I have seen a few aortic tears secondary from trauma, one was unique enough that when we laid him down he immediately went out, by instinct we immediately raised him up and was able to tamponade it off enough to say good bye to his spouse... I have yet seen one live.

AAA used to have a high percent of mortality as well, but with recent improved surgical repairs the survival rates are increasing. In regards to MAST, I definitely would not use. Even though the tamponade theory might seem applausal, we used to use them for such and again, never seen a survivor. Raising the blood pressure or increasing pressure on the aneurysm itself by pushing on it I would suggest be detrimental. Like another post described, lowering stress and the blood pressure is the key, as well as immediate evaluation and surgical repair.

R/r 911

  • 6 months later...
Posted
I have never seen an AAA but I have heard from several medics that MAST pants work really well to tamponade the AAA. Have any of you ever tried it and how did it work if you have?

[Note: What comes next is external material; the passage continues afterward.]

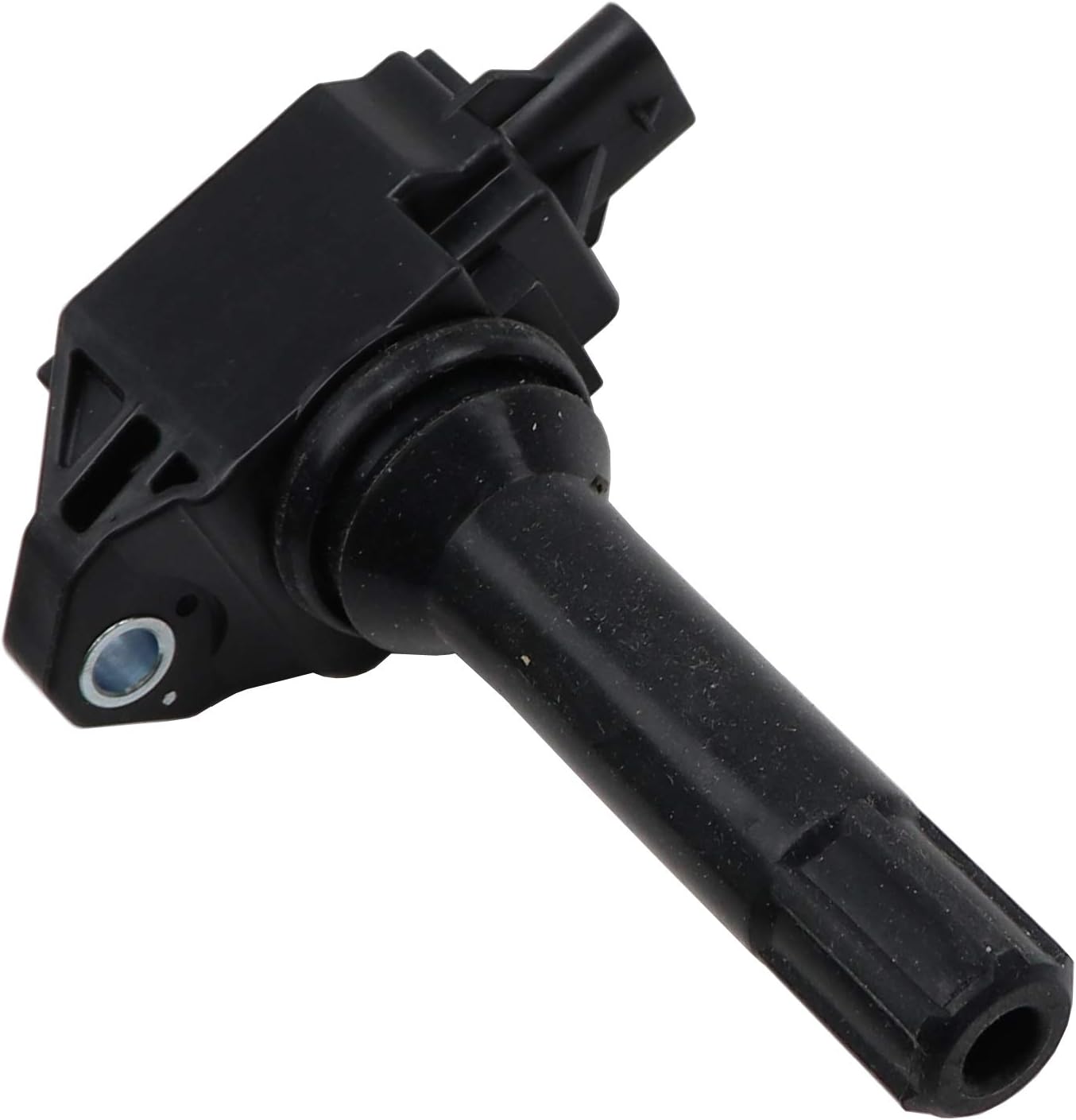 Beck/Arnley 1788569 Direct Ignition Coil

I think the only thing MAST pants are still aproved for in many places is pelvis fractures.

Posted

Last summer I had an AAA patient, of course at the time I didn't know this. I was sitting in front of a business, and they pulled in beside be asking for help. Pt was barely conscious, orig. c/c was chest pain, abd was soft but severely distended, and slightly discolored. No trauma according to the family. BP was nil, even on the NiBP it was 0/0; pt wasn't breathing enough to sustain life to begin with, but we dealt with that as normal. Pt went into cardiac arrest six times, as recorded by the AED, little CPR while they got the AED on and the heart rthymn was restored. Arrested again, shocked twice and restored the HR; and yet again pt arrested and again HR was restored. We went through this once more, and got ALS on board. Intubated, line started, arrested again, ACLS on board and yet again his heart rate was back into the 60's. However, even squeezing the IV bags, couldn't get his blood pressure back.

Had him on a board to begin with, b/c I >HATE< CPR boards, and this makes it easier to move the patient. We had the cot in the shock position, that didn't do any good, I suggested to OMC that we use the Shock Suit as a last ditch effort. Put on the Shock pants (MAST), got the BP back to 60/40, HR in the 60's. Got into the ER okay, gave him LR & blood while they waited for a medevac and flew the pt to a better facility. Died in the OR of what was diagnosed as a AAA. That was the third time I've used the MAST for shock, however only one patient survived.